> [What this task involves]: Set down, word for word, the line with "Organisateur de lit" and the lines after it through the final line of the data below, without pictures.

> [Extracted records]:
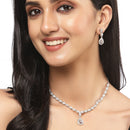 Rhodium-Plated Silver Toned Drop White American Diamond Studded Necklace with Earrings Jewellery Set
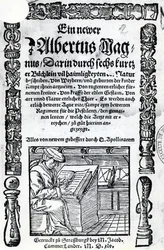 Titelpagina voor een nieuwe Albertus Magnus: zes korte boeken die veel van de geheimen van de natuur beschrijven, gepubliceerd 1514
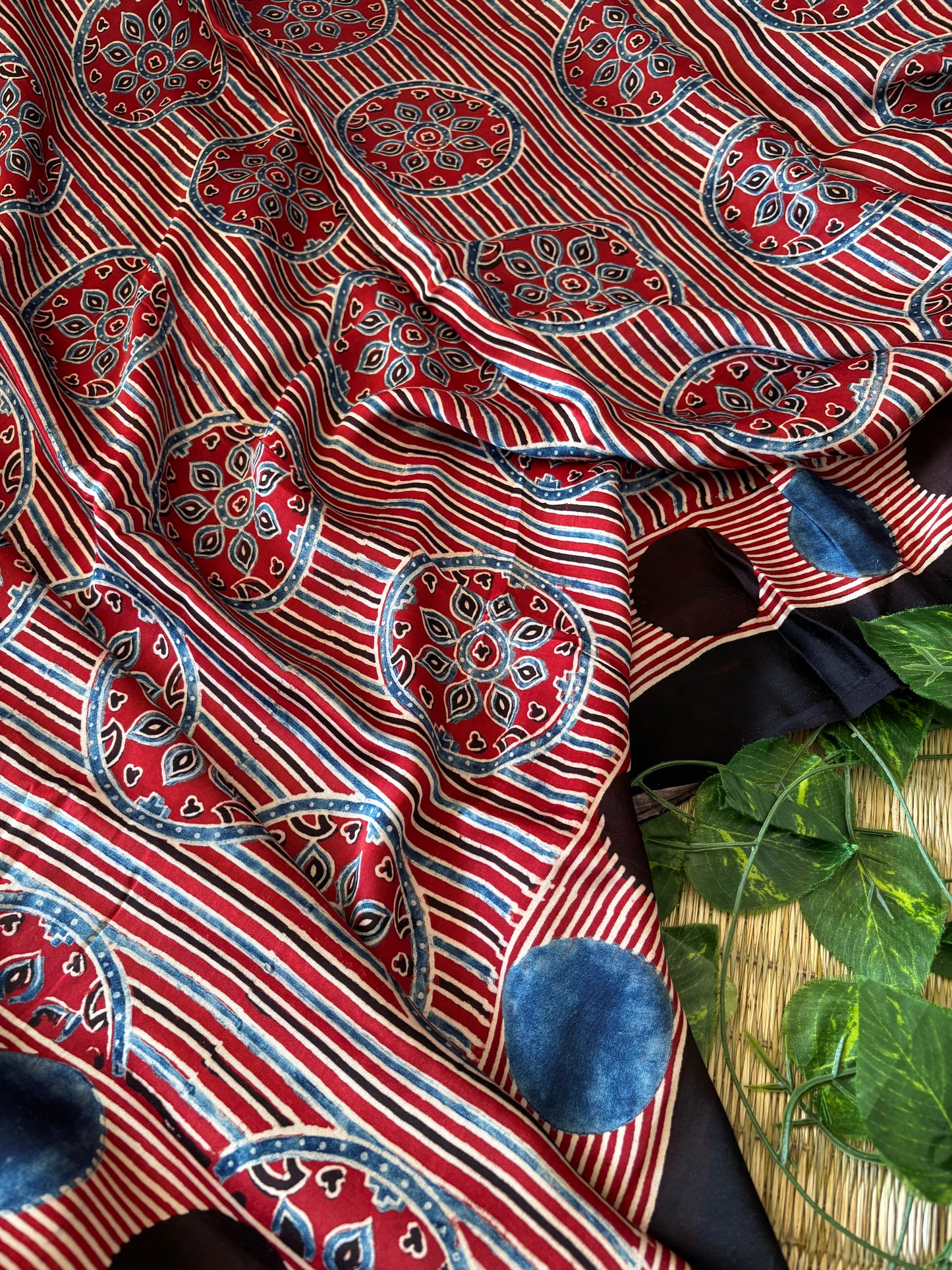 Ajrakh Modal Silk Saree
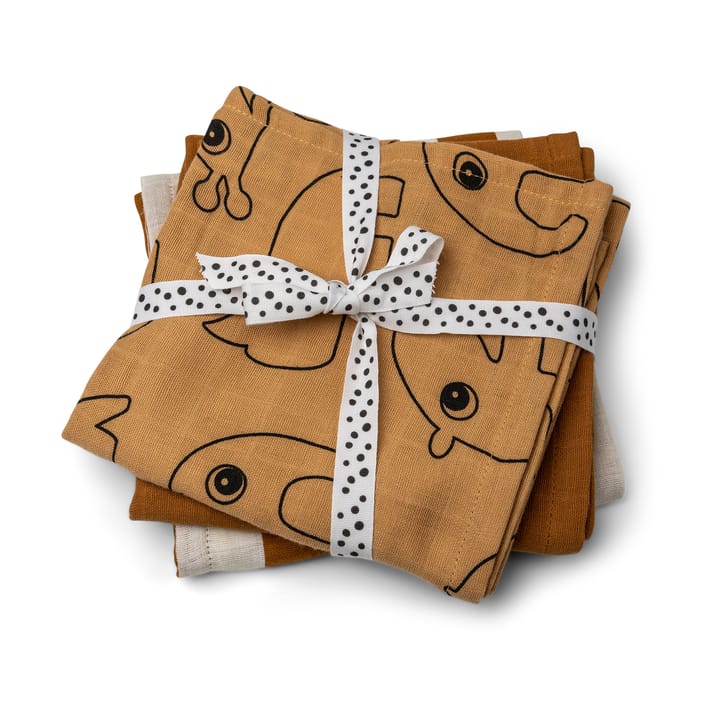 Deer Friends washandje 3-pack, Mustard Done by deer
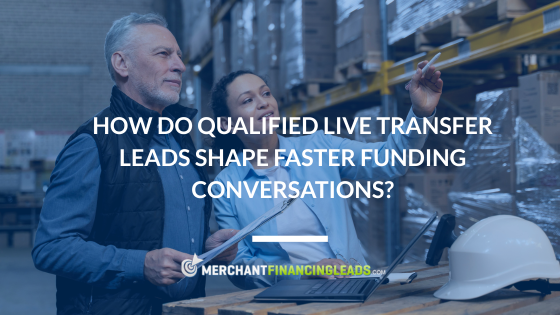 Business owners discussing funding options in a warehouse setting representing qualified live transfer leads for merchant cash advance funding conversations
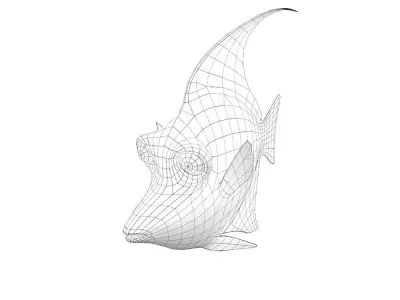 Moorish Idol Animated Fish  Low-poly 3D model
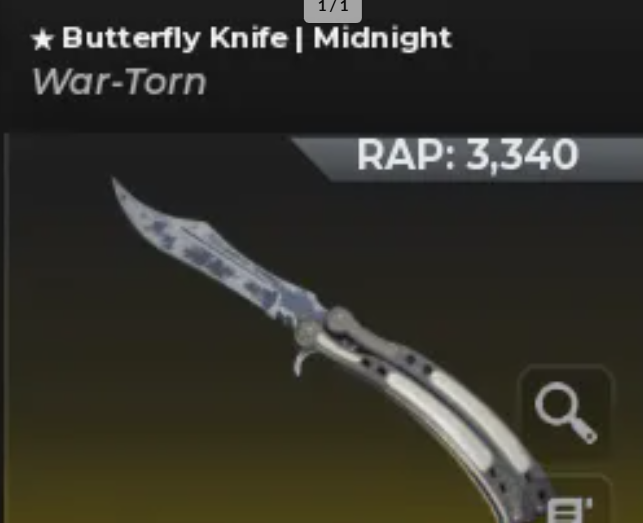 🟩Bloxstrike Butterfly Knife Midnight WT condition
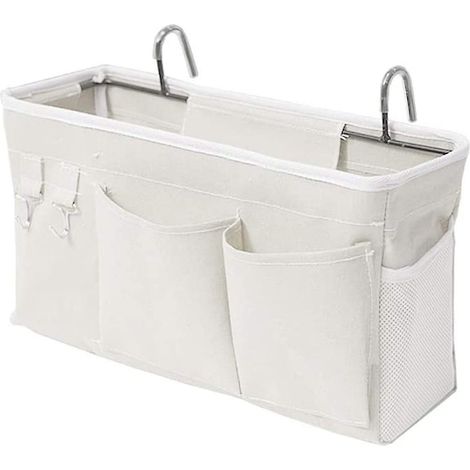 Organisateur de lit avec crochet métallique, sac de rangement suspendu pour lit mezzanine, idéal pour livres, magazines, téléphone portable et écouteurs (blanc) (1/5)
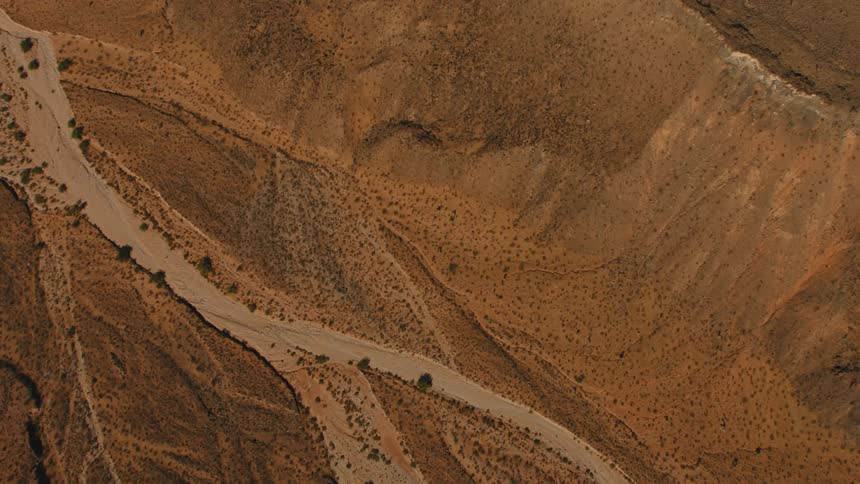 Aerial view of dry riverbed in desert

> [Response to this task]:
 Organisateur de lit avec crochet métallique, sac de rangement suspendu pour lit mezzanine, idéal pour livres, magazines, téléphone portable et écouteurs (blanc) (1/5)
 Aerial view of dry riverbed in desert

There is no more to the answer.